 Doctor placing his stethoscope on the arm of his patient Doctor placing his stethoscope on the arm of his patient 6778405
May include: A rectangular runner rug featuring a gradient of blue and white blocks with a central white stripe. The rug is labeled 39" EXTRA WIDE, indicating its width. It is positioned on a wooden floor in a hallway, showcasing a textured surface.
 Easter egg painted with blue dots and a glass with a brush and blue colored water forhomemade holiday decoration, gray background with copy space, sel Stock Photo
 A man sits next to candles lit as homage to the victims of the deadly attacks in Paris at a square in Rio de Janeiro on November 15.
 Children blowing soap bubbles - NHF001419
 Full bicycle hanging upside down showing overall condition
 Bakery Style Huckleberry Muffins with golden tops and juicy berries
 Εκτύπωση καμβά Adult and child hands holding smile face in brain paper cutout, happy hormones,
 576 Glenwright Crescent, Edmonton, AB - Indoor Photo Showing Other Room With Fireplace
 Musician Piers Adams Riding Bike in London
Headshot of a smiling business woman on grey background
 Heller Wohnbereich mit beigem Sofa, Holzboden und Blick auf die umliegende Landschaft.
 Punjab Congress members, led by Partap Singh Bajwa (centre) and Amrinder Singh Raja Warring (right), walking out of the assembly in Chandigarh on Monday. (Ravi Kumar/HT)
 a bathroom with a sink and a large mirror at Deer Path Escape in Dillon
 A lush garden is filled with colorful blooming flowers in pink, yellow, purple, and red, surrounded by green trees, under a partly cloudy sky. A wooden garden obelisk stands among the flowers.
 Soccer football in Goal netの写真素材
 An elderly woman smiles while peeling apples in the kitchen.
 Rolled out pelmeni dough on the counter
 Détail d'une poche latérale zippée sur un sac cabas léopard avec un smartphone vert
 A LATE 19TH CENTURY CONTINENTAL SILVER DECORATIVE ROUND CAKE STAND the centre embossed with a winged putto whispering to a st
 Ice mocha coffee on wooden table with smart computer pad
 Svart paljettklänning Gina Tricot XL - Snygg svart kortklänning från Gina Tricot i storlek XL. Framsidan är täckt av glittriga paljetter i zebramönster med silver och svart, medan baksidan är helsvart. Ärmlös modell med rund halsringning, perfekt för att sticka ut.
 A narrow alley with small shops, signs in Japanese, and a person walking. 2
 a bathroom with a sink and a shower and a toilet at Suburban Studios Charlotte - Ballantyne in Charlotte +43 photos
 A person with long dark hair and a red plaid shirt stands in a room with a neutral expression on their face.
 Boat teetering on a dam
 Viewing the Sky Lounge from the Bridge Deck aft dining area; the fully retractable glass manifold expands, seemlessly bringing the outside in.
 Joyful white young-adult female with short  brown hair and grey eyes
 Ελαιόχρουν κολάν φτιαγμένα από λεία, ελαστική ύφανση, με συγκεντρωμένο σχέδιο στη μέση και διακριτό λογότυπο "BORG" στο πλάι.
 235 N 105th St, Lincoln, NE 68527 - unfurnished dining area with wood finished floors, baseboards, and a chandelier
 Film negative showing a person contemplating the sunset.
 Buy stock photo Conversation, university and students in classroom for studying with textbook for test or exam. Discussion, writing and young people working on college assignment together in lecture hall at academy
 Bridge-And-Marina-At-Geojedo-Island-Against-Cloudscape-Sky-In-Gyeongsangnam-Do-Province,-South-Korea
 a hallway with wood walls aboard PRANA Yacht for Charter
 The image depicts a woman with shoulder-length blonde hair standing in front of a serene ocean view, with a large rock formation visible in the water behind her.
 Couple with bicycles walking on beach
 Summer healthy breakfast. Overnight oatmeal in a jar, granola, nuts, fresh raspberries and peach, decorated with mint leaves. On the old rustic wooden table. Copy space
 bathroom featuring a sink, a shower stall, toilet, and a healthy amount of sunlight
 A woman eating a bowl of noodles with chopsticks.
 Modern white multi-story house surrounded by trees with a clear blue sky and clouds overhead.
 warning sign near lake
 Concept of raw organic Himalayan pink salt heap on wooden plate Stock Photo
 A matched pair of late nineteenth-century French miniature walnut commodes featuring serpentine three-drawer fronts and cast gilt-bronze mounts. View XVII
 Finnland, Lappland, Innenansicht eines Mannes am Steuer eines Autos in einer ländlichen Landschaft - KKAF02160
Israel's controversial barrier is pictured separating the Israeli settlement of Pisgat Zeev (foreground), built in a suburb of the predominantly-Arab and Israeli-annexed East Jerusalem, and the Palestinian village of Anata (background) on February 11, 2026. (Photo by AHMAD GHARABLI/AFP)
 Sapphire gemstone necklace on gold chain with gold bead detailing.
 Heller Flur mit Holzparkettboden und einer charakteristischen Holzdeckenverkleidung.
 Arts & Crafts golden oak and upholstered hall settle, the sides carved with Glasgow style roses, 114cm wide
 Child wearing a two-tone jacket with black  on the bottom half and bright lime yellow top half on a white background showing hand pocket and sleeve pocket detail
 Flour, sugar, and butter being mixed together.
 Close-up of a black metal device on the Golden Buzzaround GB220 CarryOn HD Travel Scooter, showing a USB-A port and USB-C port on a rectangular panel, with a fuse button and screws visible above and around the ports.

==============================

AIM OF THE EXERCISE |
When a line of the records includes "walking", that line belongs in the answer.

EXERCISE OUTPUT |
 Punjab Congress members, led by Partap Singh Bajwa (centre) and Amrinder Singh Raja Warring (right), walking out of the assembly in Chandigarh on Monday. (Ravi Kumar/HT)
 A narrow alley with small shops, signs in Japanese, and a person walking. 2
 Couple with bicycles walking on beach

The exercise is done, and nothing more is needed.